■ Task to carry out:
Using the records that appear below, write out exactly the lines from the one with "1315 W Galena" through the one with "living area featuring", keeping both end lines.

(Records excerpted from a collection)
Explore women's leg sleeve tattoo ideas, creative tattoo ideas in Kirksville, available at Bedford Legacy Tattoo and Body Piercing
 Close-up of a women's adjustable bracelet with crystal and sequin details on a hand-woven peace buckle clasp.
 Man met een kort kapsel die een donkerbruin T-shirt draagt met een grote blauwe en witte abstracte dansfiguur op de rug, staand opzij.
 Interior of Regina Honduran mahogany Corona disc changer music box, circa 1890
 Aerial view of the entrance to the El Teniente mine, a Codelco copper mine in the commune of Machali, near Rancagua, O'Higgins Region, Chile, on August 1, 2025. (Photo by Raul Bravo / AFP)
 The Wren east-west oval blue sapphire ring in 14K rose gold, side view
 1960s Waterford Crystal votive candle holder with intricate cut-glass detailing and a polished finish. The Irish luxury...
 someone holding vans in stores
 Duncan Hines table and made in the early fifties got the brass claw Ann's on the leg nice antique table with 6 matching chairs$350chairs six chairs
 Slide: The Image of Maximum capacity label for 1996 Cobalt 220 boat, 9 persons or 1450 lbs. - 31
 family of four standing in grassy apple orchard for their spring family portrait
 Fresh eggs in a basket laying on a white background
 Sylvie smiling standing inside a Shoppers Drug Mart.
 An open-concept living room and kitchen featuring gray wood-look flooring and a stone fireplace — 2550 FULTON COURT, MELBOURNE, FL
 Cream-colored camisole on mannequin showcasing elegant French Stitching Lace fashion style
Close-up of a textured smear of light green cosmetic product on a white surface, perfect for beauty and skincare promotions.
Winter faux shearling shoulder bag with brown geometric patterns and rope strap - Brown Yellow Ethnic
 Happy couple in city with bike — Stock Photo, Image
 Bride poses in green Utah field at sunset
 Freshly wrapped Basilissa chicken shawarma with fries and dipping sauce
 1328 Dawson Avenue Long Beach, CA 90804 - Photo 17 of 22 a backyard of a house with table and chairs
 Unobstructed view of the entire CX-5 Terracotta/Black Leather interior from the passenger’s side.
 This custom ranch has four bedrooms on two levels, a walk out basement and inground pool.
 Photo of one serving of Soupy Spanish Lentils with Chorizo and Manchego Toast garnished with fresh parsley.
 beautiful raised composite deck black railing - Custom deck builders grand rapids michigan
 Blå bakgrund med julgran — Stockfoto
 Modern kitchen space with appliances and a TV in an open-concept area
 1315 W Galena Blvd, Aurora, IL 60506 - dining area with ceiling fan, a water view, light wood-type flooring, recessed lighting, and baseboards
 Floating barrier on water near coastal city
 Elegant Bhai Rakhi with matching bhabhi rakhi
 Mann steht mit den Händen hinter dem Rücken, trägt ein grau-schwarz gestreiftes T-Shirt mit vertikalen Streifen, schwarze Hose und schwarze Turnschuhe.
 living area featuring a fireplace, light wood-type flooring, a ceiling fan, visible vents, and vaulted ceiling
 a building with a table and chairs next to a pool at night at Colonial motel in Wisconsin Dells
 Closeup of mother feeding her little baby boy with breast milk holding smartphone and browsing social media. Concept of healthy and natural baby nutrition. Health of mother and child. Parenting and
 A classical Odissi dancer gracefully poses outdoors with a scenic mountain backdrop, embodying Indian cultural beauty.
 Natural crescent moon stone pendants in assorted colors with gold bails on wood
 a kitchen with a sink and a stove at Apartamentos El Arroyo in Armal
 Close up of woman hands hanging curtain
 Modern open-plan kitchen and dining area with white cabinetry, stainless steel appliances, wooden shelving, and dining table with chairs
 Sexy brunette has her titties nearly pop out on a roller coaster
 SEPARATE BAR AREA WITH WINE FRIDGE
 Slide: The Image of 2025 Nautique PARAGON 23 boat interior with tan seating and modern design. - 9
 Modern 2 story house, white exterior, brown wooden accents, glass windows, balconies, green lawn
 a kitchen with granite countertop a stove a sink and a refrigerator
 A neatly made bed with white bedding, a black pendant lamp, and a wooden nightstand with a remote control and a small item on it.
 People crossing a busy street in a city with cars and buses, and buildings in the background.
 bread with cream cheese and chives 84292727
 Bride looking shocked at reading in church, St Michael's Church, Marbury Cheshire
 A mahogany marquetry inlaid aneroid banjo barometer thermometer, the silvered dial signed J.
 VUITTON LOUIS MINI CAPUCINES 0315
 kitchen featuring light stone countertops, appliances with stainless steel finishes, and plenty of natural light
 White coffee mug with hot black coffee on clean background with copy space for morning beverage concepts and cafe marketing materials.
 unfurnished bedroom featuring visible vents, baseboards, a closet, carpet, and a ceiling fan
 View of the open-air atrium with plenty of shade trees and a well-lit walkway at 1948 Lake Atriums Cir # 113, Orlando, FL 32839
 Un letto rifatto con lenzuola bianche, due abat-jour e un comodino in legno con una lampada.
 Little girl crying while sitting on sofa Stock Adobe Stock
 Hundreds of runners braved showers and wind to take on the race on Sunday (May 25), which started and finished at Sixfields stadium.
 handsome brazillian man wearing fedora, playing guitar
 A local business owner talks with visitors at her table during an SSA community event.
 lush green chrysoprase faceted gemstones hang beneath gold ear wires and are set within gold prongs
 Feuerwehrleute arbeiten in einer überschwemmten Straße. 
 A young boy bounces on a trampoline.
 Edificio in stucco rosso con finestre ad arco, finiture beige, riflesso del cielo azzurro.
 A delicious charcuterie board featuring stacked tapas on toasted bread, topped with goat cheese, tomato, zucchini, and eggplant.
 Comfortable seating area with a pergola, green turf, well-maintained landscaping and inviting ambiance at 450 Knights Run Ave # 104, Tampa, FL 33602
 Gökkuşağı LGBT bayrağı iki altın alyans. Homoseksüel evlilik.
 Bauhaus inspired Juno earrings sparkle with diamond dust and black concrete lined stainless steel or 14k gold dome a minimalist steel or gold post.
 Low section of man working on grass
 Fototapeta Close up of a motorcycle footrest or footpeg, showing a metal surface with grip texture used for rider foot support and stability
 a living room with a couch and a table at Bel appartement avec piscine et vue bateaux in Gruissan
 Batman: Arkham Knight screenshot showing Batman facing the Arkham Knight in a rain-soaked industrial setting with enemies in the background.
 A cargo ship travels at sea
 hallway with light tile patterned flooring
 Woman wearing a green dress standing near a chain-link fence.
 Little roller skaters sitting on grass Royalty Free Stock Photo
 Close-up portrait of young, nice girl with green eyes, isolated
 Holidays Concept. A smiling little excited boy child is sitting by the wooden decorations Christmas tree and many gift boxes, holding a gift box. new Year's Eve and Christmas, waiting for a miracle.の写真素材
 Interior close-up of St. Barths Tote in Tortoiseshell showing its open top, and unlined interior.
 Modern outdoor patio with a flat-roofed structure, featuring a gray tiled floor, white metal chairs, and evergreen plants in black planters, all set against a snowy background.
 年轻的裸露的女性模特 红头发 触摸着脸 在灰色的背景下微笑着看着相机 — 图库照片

■ Task answer:
 1315 W Galena Blvd, Aurora, IL 60506 - dining area with ceiling fan, a water view, light wood-type flooring, recessed lighting, and baseboards
 Floating barrier on water near coastal city
 Elegant Bhai Rakhi with matching bhabhi rakhi
 Mann steht mit den Händen hinter dem Rücken, trägt ein grau-schwarz gestreiftes T-Shirt mit vertikalen Streifen, schwarze Hose und schwarze Turnschuhe.
 living area featuring a fireplace, light wood-type flooring, a ceiling fan, visible vents, and vaulted ceiling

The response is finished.